EXERCISE AIM:
Every entry is to be restated exactly; pictures are not part of the copy.

─── DATA EXCERPTS ───

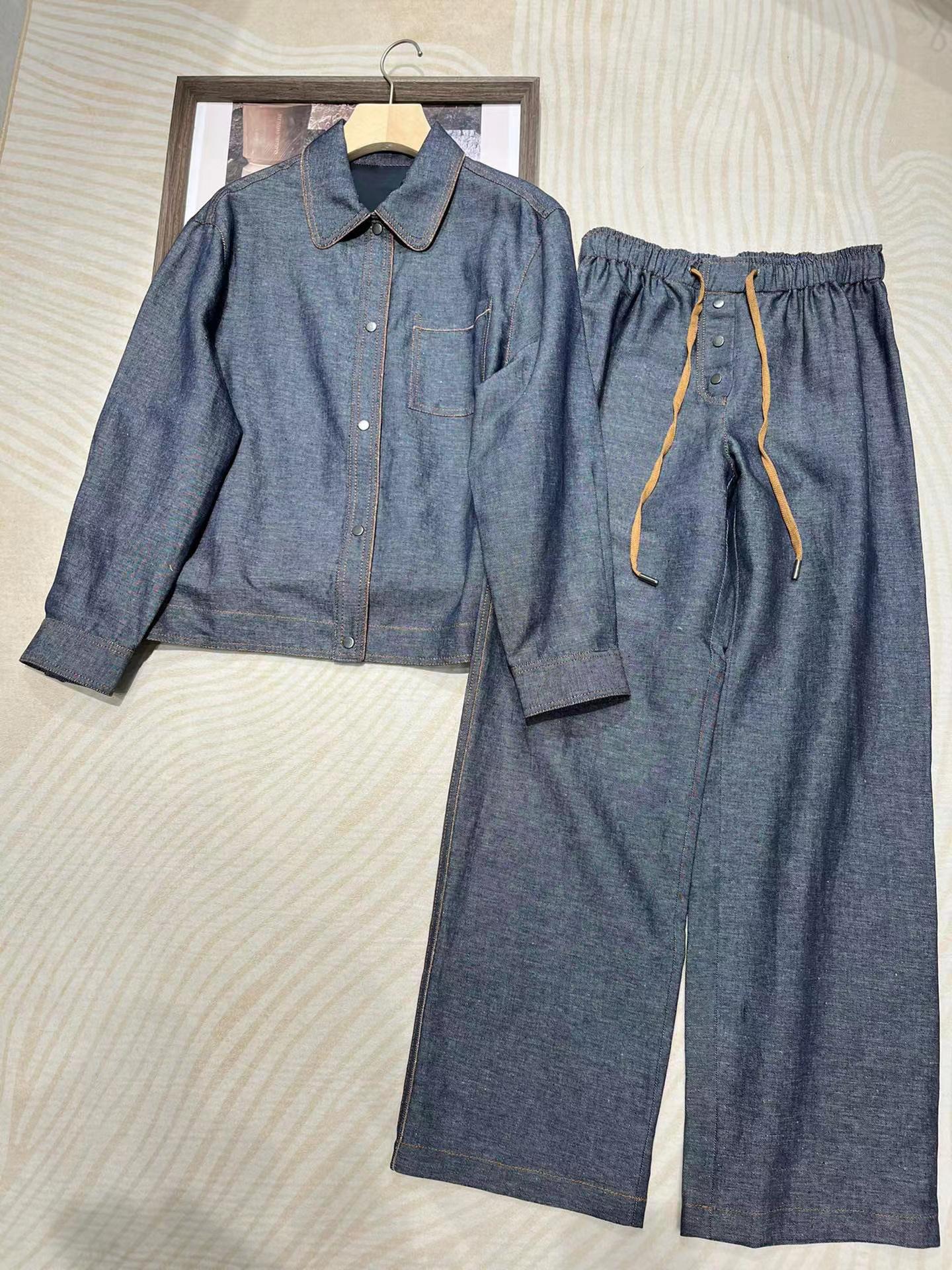

Pants 2022 Autumn Spring Loose Fit Casual Style 100% Linen Pants Suit, Navy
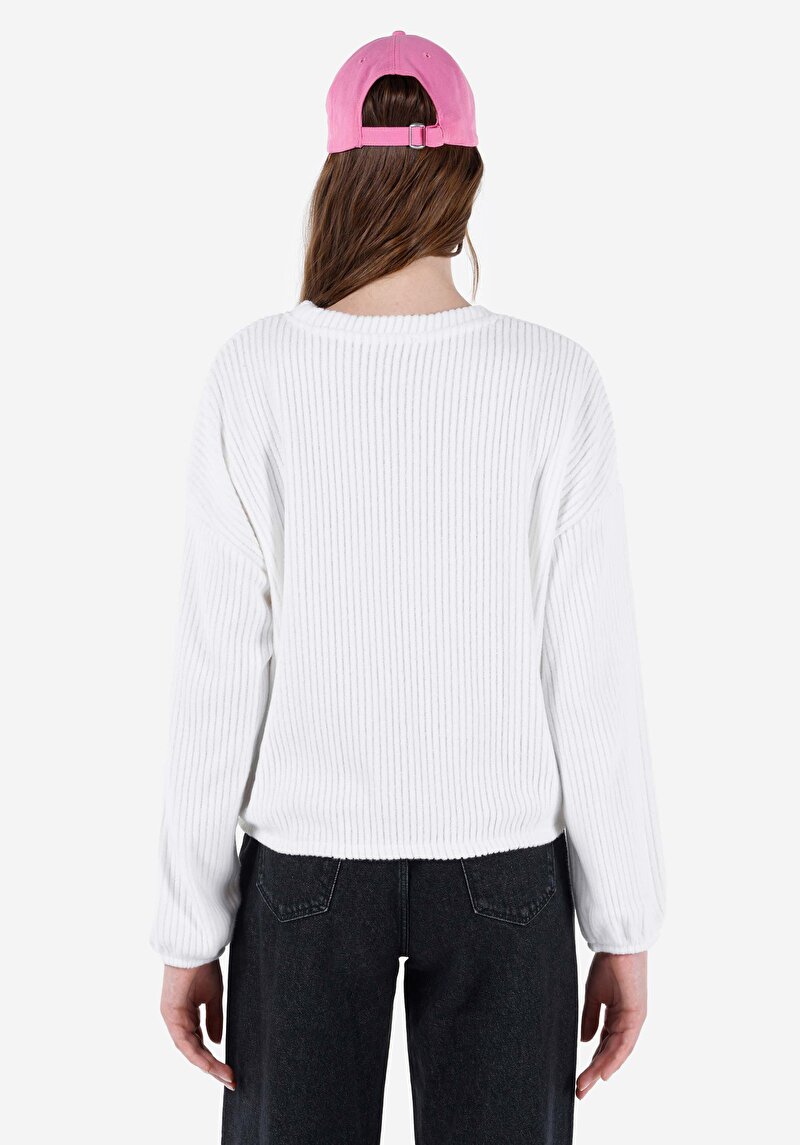 Afișați detalii pentru Tricou Cu Maneca Lunga De Dama Alb Regular Fit  Cl1067521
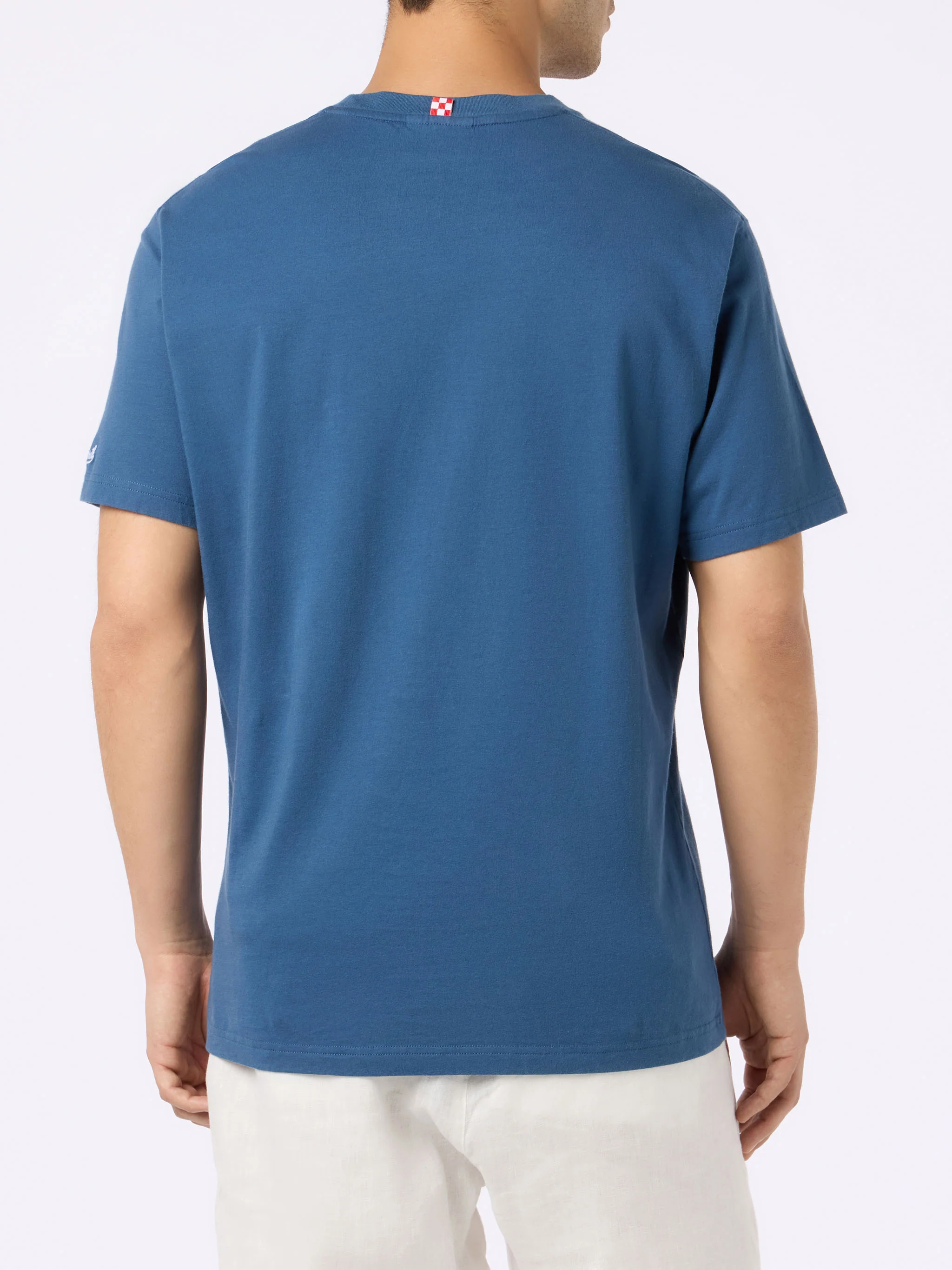Klassiek model heren T-shirt van Portofino katoenjersey met geborduurd N-logo.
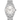 Silver wristwatch with a white face on a white background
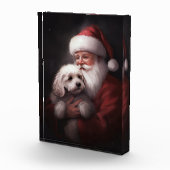 Poodle mit Weihnachtsmann Weihnachten Fotoblock (Rechts)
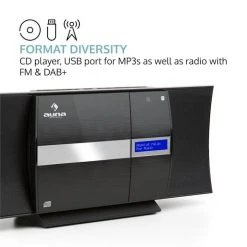 Auna Multimedia [second Choix] Chaîne Stéréo Verticale V-20 DAB -Audio-et-HiFi Soldes 10029926 0003 logo auna V20 DAB Vertikal Stereoanlage schwarz reedit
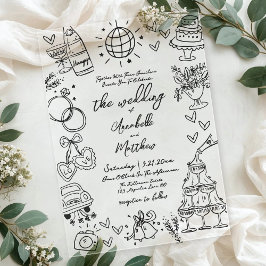 Hand Drawn Whimsical Wedding Acryl Uitnodigingen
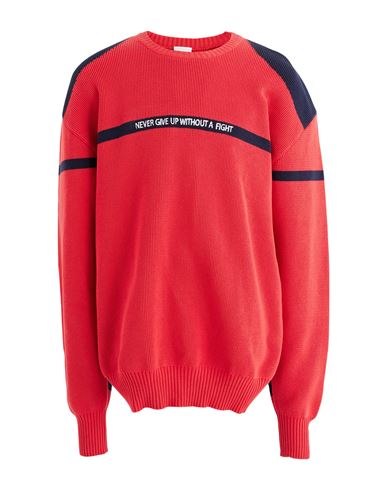 Vetements Man Sweater Red Size S Cotton, Cashmere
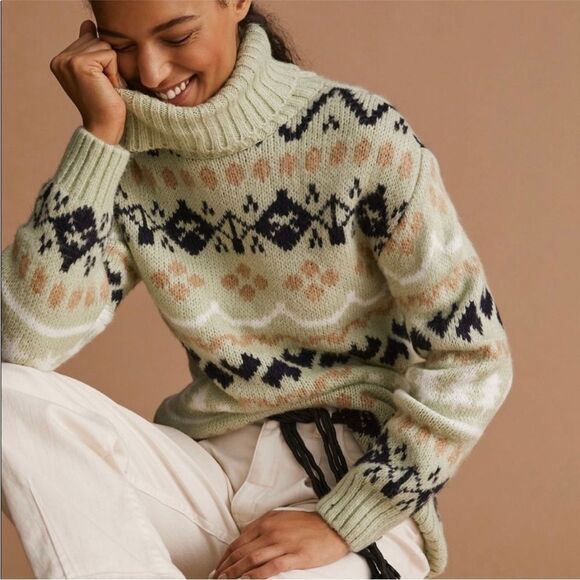 Anthropologie Sweaters - Anthropologie Tunic Sweater Womens Size Small Mint Green Turtleneck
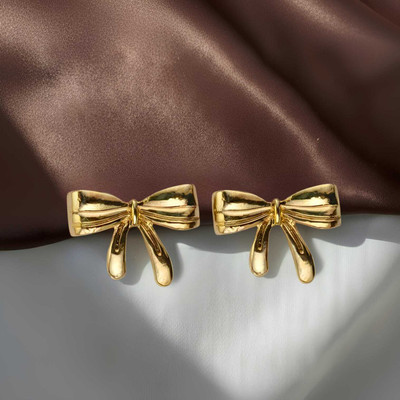 Nayaab collection Golden Grace Bow Earrings Alloy Stud Earring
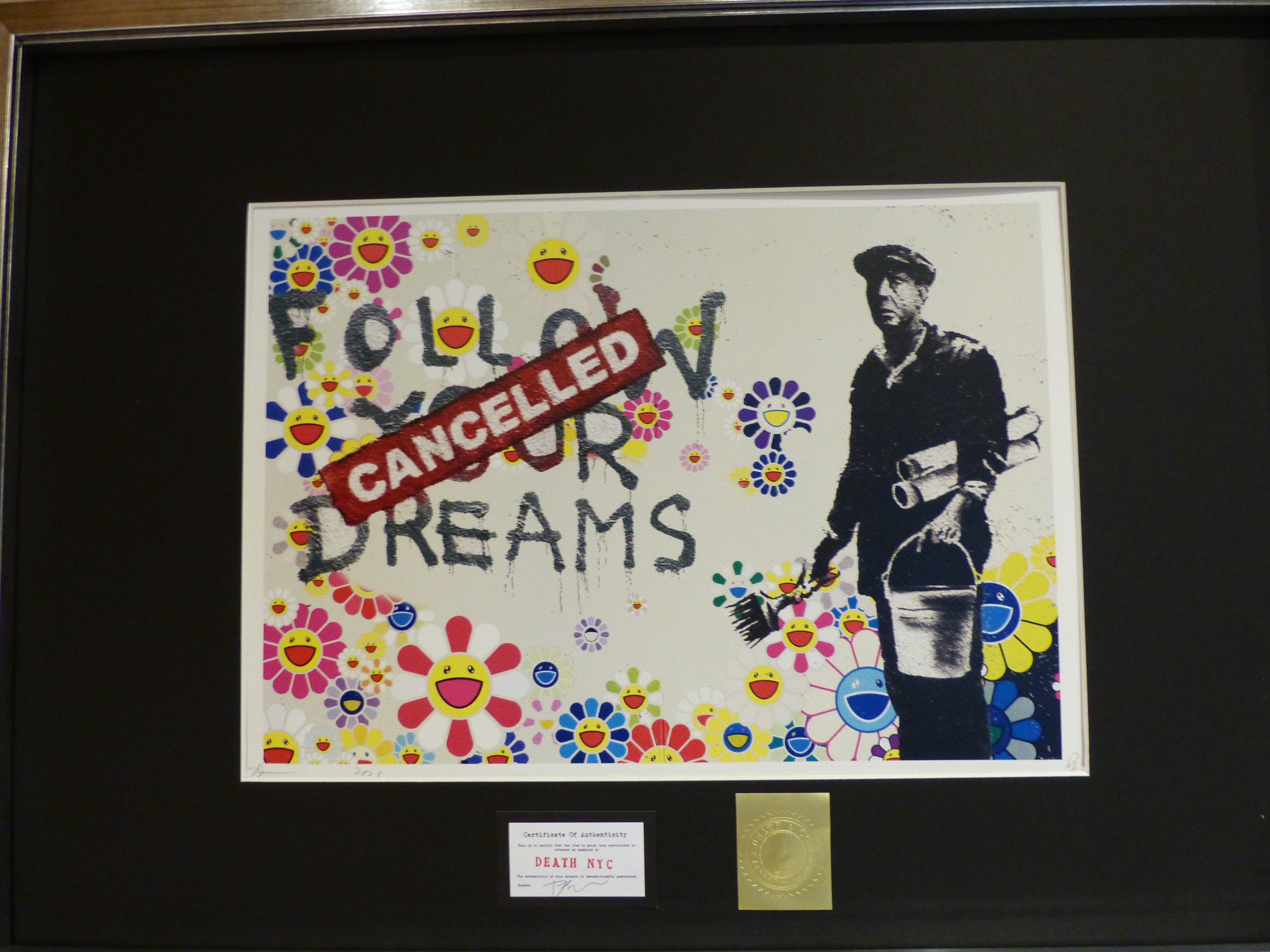 DEATH NYC fertig gerahmte Lithografie ltd. Edit of 120 "Banksy Dreams Cancelled" 3D Siegel COA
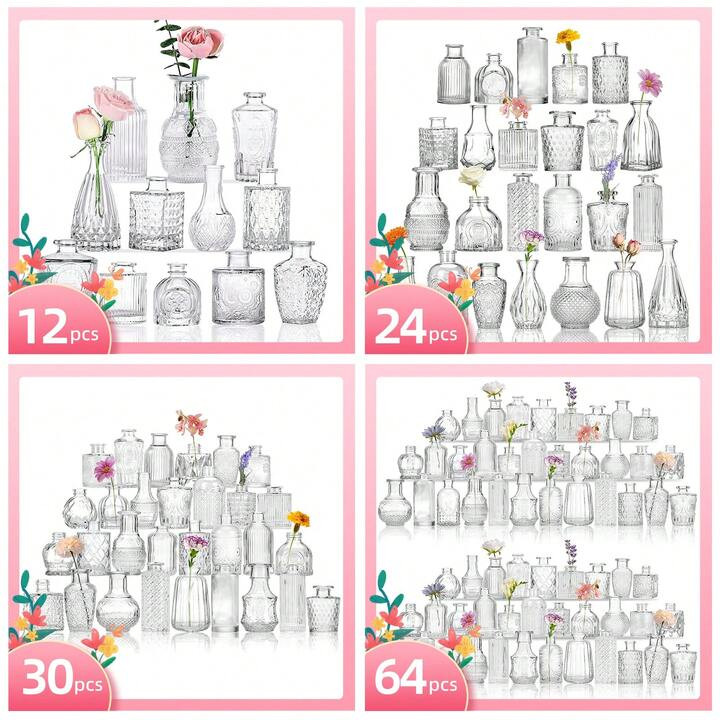 12/24/30/64pcs Bud Vases For Flowers, Small Vases For Centerpieces, Vintage Clear Glass Vases For... | SHEIN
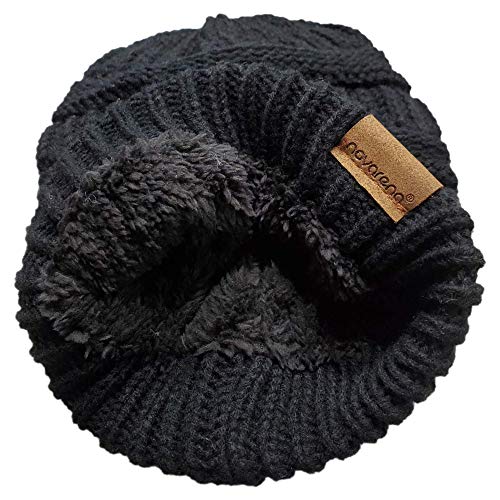 Novarena Thick Cable Knit Faux Fuzzy Fur Pom Fleece Lined Skull Cap Cuff Beanie - color: Black Beanie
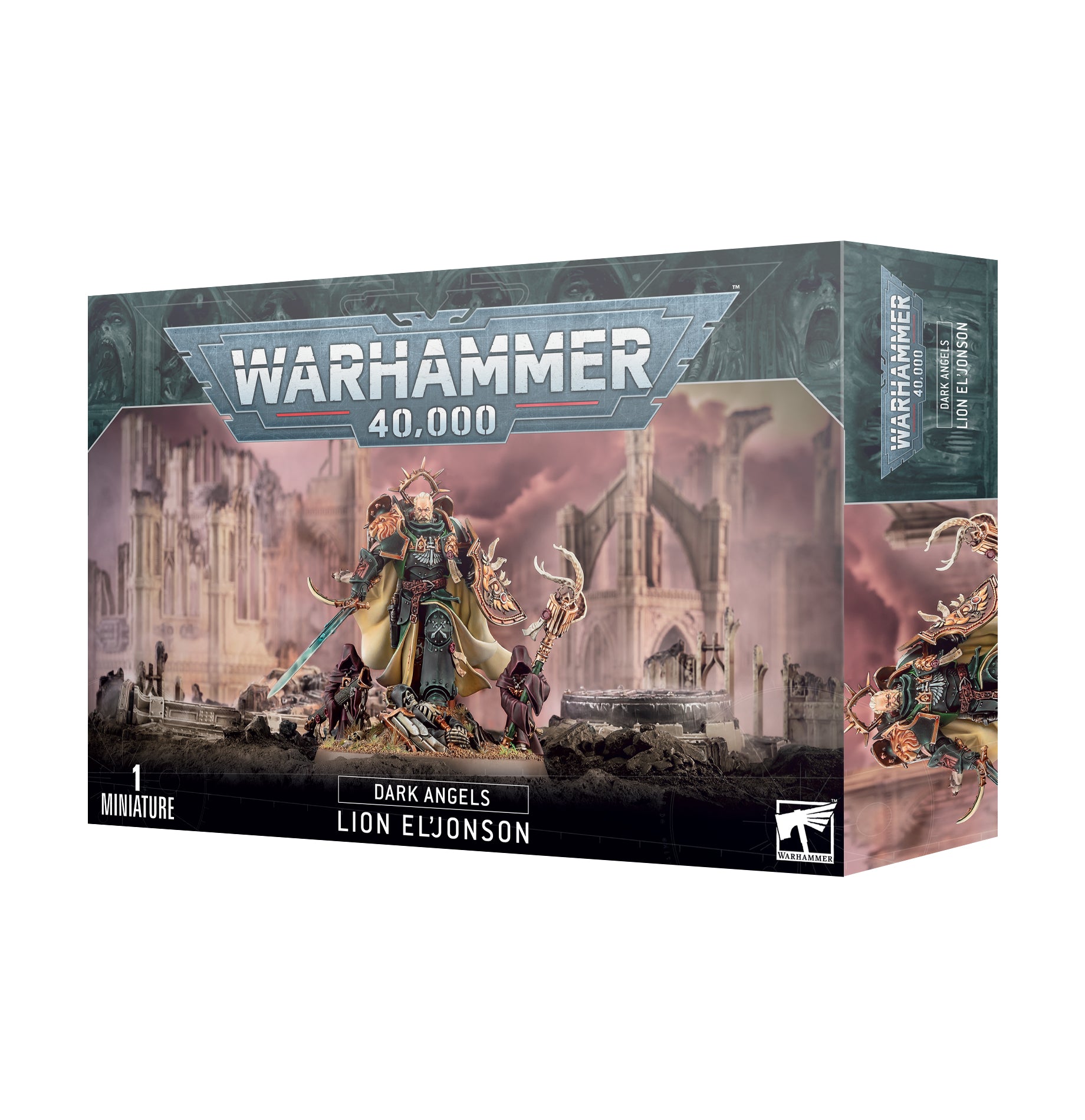Warhammer 40,000 - Dark Angels - Lion El'Jonson - Warhammer 40,000 Dark Angels Lion El'Jonson miniature boxed set with detailed artwork of gothic cathedral background and.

───

TASK OUTPUT:
Pants 2022 Autumn Spring Loose Fit Casual Style 100% Linen Pants Suit, Navy
 Afișați detalii pentru Tricou Cu Maneca Lunga De Dama Alb Regular Fit  Cl1067521
Klassiek model heren T-shirt van Portofino katoenjersey met geborduurd N-logo.
 Silver wristwatch with a white face on a white background
 Poodle mit Weihnachtsmann Weihnachten Fotoblock (Rechts)
 Auna Multimedia [second Choix] Chaîne Stéréo Verticale V-20 DAB -Audio-et-HiFi Soldes 10029926 0003 logo auna V20 DAB Vertikal Stereoanlage schwarz reedit
 Hand Drawn Whimsical Wedding Acryl Uitnodigingen
 Vetements Man Sweater Red Size S Cotton, Cashmere
 Anthropologie Sweaters - Anthropologie Tunic Sweater Womens Size Small Mint Green Turtleneck
 Nayaab collection Golden Grace Bow Earrings Alloy Stud Earring
 DEATH NYC fertig gerahmte Lithografie ltd. Edit of 120 "Banksy Dreams Cancelled" 3D Siegel COA
 12/24/30/64pcs Bud Vases For Flowers, Small Vases For Centerpieces, Vintage Clear Glass Vases For... | SHEIN
 Novarena Thick Cable Knit Faux Fuzzy Fur Pom Fleece Lined Skull Cap Cuff Beanie - color: Black Beanie
Warhammer 40,000 - Dark Angels - Lion El'Jonson - Warhammer 40,000 Dark Angels Lion El'Jonson miniature boxed set with detailed artwork of gothic cathedral background and.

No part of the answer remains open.